The editorial, published September 27, 1962, called for Meredith to be admitted. “Morally, there is no justification for his rejection,” it declared. “Legally, there can be no doubt he is entitled to become a student at Mississippi.”
It also warned against creeping intolerance at Ole Miss and beyond: “If the bigot or the demagogue can muster a majority to turn on the Negro, will he necessarily stop there? Or will he next turn to the Catholic and the Jew, or the member of any other minority group?”
Days later, the University of Mississippi erupted into riots as Meredith was finally admitted. At the University of Alabama, Meyer’s trials had just begun.
Soon after the editorial ran, the Tuscaloosa, Ala.-based United Klans of America, the largest Klan organization in the 1960s and 70s, burned a cross on the lawn of Meyer’s Jewish fraternity, Zeta Beta Tau. The house received dozens of threatening phone calls. Meyer, who was living in an off-campus apartment at the time, quickly became a social pariah at the fraternity; his ZBT brothers felt they were paying for Meyer’s actions. As Jews trying to blend in with their white, Christian peers, they resented the attention.
“I was pissed off,” said Joe “Skipper” Levin, one of Meyer’s frat brothers. “It disrupted my routine of drinking and going to football games.” He continued: “The burning cross was a wake-up call literally and figuratively. Melvin disrupted our lives without our permission.
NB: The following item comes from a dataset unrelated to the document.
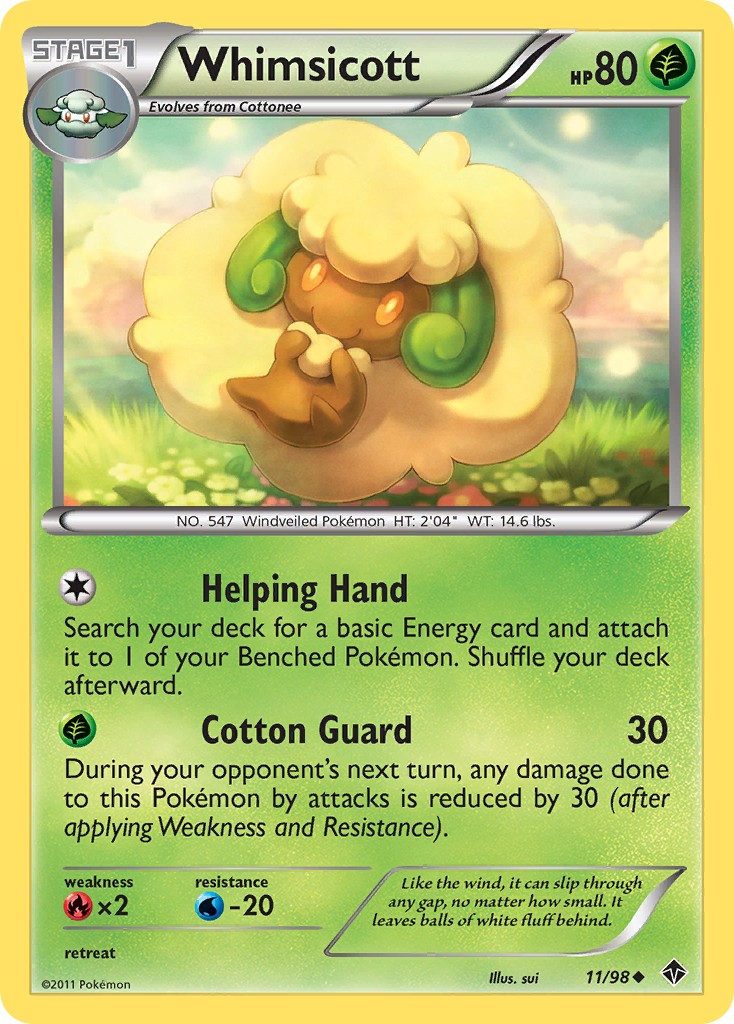 Whimsicott (11/98) [Black & White: Emerging Powers] | Gear Gaming Bentonville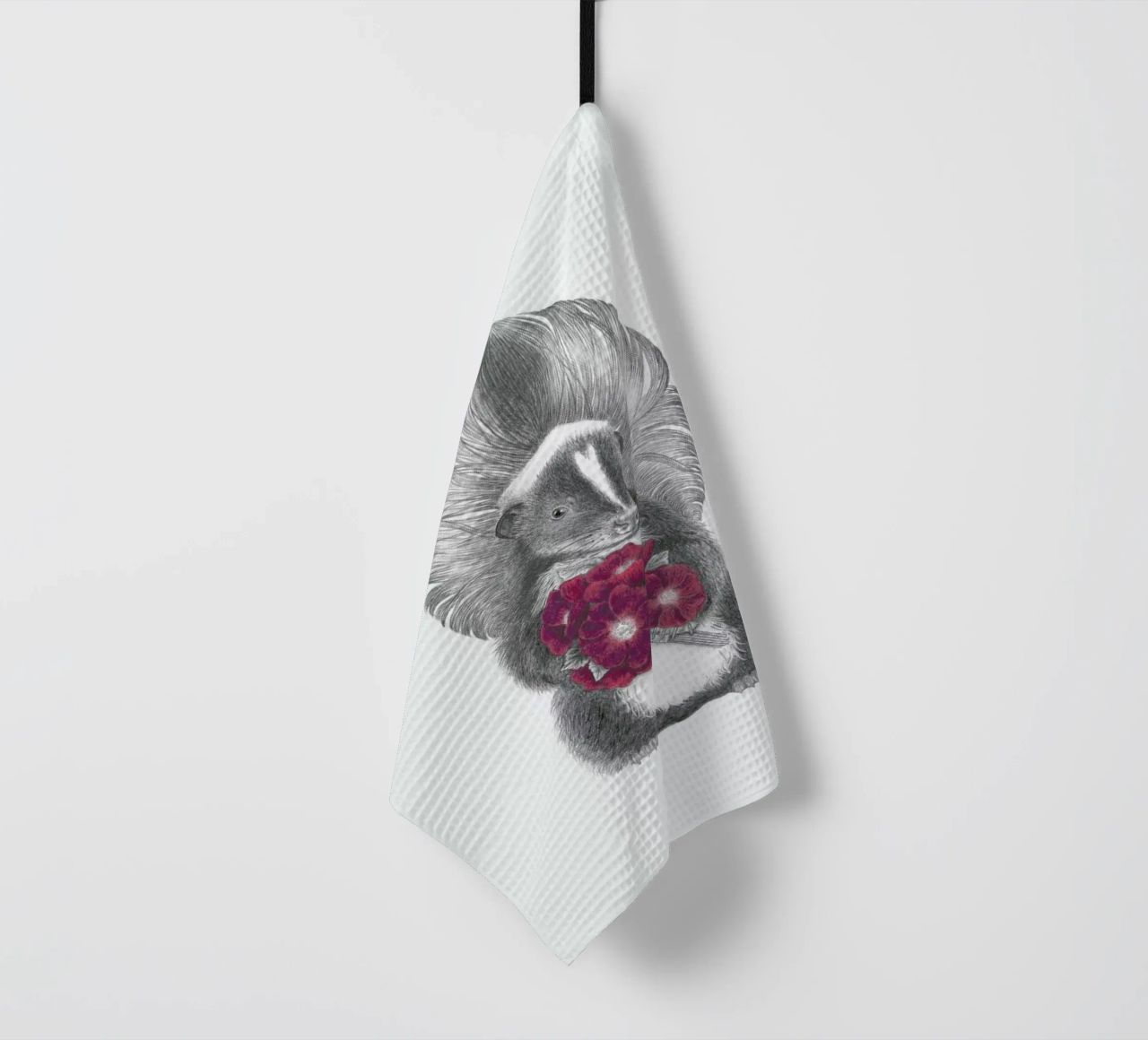 Scruffles Wigglebottom Skunk canovaccio da cucina da Le Canot Rouge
But it made me think about things I never thought about before.”
Levin credits that eye-opening experience with motivating him, a decade later, to co-found the Southern Poverty Law Center in Montgomery, Ala. The organization combats hate, intolerance and discrimination through education and litigation. Levin finds satisfaction in the fact that the SPLC shut down United Klans of America in a civil lawsuit years after it planted that burning cross on the ZBT lawn.